“The Harvard Student (The Pullman Train)”
Description
As the train pulls into a village, a girl gets on and openly sits next to the "tall and stout and swell" (Harvard student). He gets "soot" in his eye; she offers to remove it. They enter a tunnel, and after kissing sounds her earring is found in his beard
Notes
According to Cohen, the 1871 printing in the _Harvard Advocate_ is credited to "S. O. L." It was printed under the title "In the Tunnel." He speculates that "S. O. L." might be a distortion of the initials of poet Louis S. Osborne, who attended Harvard at the time.

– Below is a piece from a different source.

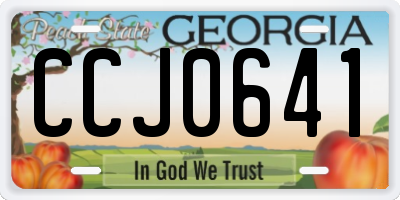 GA license plate CCJ0641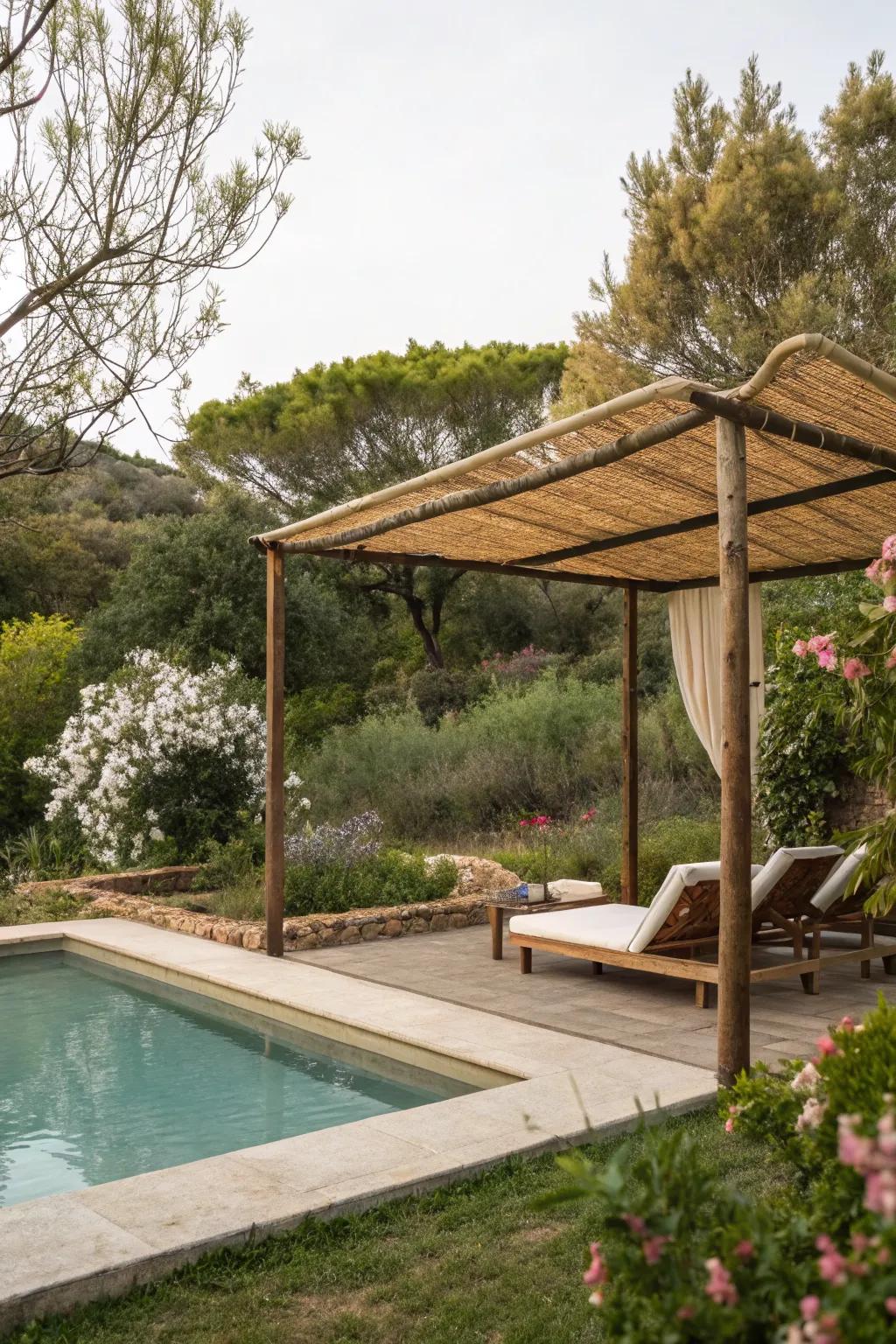 Eco-friendly canopies offer sustainable shade solutions for your poolside.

His speculation has external support. Having read Cohen's comments, I went looking for works of Louis Shreve Osborne's. I found exactly one in _Granger's Index to Poetry_, that being "Riding Down from Bangor," in Hazel Felleman's _The Best Loved Poems of the American People_, p. 515. Which proves to be this very poem. But it may be that Felleman followed the same line of logic; her attributions are not very reliable. I think, on the whole, we have to list this as a "probable" case of authorship. - RBW
References
- Randolph 391, "The Harvard Student" (1 text, 1 tune)
- Randolph/Cohen, pp. 218-320, "The Harvard Student" (1 text, 1 tune -- Randolph's 391)
- Spaeth-ReadWeep, pp. 109-110, "The Eastern Train" (1 text, 1 tune)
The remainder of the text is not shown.